It is this simple physical limit that our planet imposes that leads me to challenge the common usage here of terms like a "thriveable economy" or "sustainable prosperity". It is time we grow up as a species, accept the inherent limits of the planet we inhabit, and cease using language which creates false optimism and empty hopes. - RR
from: VALUING THE EARTH: Economics, Ecology, Ethics
Herman E. Daly and Kenneth N. Townsend (1993)
Sustainable Growth: An Impossibility Theorem
Impossibility statements are the very foundation of science. It is impossible to: travel faster than the speed of light; create or destroy matter-energy; build a perpetual motion machine, etc. By respecting impossibility theorems we avoid wasting resources on projects that are bound to fail. Therefore economists should be very interested in impossibility theorems, especially the one to be demonstrated here, namely that it is impossible for the world economy to grow its way out of poverty and environmental degradation. In other words, sustainable growth is impossible.
In its physical dimensions the economy is an open subsystem of the earth ecosystem, which is finite, non-growing, and materially closed. As the economic subsystem grows it incorporates an ever greater proportion of the total ecosystem into itself and must reach a limit at 100 percent, if not before. Therefore its growth is not sustainable. The term "sustainable growth" when applied to the economy is a bad oxymoron – self-contradictory as prose, and unevocative as poetry.
Challenging the Economic Oxymoron
Economists will complain that growth in GNP is a mixture of quantitative and qualitative increase and therefore not strictly subject to physical laws. They have a point. Precisely because quantitative and qualitative change are very different, it is best to keep them separate and call them by the different names already provided in the dictionary. To grow means "to increase naturally in size by the addition of material through assimilation or accretion." To develop means "to expand or realize the potentialities of; to bring gradually to a fuller, greater, or better state." When something grows it gets bigger. When something develops it gets different. The earth ecosystem develops (evolves), but does not grow. Its subsystem, the economy, must eventually stop growing, but can continue to develop. The term "sustainable development" therefore makes sense for the economy, but only if it is understood as "development without growth" – i.e., qualitative improvement of a physical economic base that is maintained in a steady state by a throughput of matter-energy that is within the regenerative and assimilative capacities of the ecosystem. Currently the term "sustainable development" is used as a synonym for the oxymoronic "sustainable growth." It must be saved from this perdition.

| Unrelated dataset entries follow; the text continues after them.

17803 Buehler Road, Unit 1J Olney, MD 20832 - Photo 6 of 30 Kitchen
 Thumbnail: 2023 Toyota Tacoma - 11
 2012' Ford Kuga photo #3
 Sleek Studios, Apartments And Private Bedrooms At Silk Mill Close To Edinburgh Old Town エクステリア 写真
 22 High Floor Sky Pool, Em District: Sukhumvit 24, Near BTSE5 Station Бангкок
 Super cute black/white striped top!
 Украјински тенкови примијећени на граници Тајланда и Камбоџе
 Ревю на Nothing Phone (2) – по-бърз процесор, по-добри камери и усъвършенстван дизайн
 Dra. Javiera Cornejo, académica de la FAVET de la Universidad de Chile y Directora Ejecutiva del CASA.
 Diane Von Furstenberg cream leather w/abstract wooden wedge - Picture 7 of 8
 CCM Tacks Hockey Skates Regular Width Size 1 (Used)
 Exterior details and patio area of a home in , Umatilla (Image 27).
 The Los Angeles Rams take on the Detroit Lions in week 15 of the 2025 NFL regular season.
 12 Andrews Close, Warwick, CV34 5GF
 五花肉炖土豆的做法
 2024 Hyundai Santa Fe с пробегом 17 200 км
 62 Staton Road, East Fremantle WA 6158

Politically it is very difficult to admit that growth, with its almost religious connotations of ultimate goodness, must be limited. But it is precisely the non-sustainability of growth that gives urgency to the concept of sustainable development. The earth will not tolerate the doubling of even one grain of wheat 64 times, yet in the past two centuries we have developed a culture dependent on exponential growth for its economic stability (Hubbert, 1976). Sustainable development is a cultural adaptation made by society as it becomes aware of the emerging necessity of non-growth. Even "green growth" is not sustainable. There is a limit to the population of trees the earth can support, just as there is a limit to the populations of humans and of automobiles. To delude ourselves into believing that growth is still possible and desirable if only we label it "sustainable" or color it "green" will just delay the inevitable transition and make it more painful.
Limits to Growth?
If the economy cannot grow forever then by how much can it grow? Can it grow by enough to give everyone in the world today a standard of per capita resource use equal to that of the average American? That would turn out to be a factor of seven,l a figure that is neatly bracketed by the Brundtland Commission's call (Brundtland et al., 1987) for the expansion of the world economy by a factor of five to ten. The problem is that even expansion by a factor of four is impossible if Vitousek et al. (1986, pp. 368-373) are correct in their calculation that the human economy currently preempts one-fourth of the global net primary product of photosynthesis (NPP). We cannot go beyond 100 percent, and it is unlikely that we will increase NPP since the historical tendency up to now is for economic growth to reduce global photosynthesis. Since land-based ecosystems are the more relevant, and we preempt 40 percent of land-based NPP, even the factor of four is an overestimate. Also, reaching 100 percent is unrealistic since we are incapable of bringing under direct human management all the species that make up the ecosystems upon which we depend. Furthermore it is ridiculous to urge the preservation of biodiversity without being willing to halt the economic growth that requires human takeover of places in the sun occupied by other species.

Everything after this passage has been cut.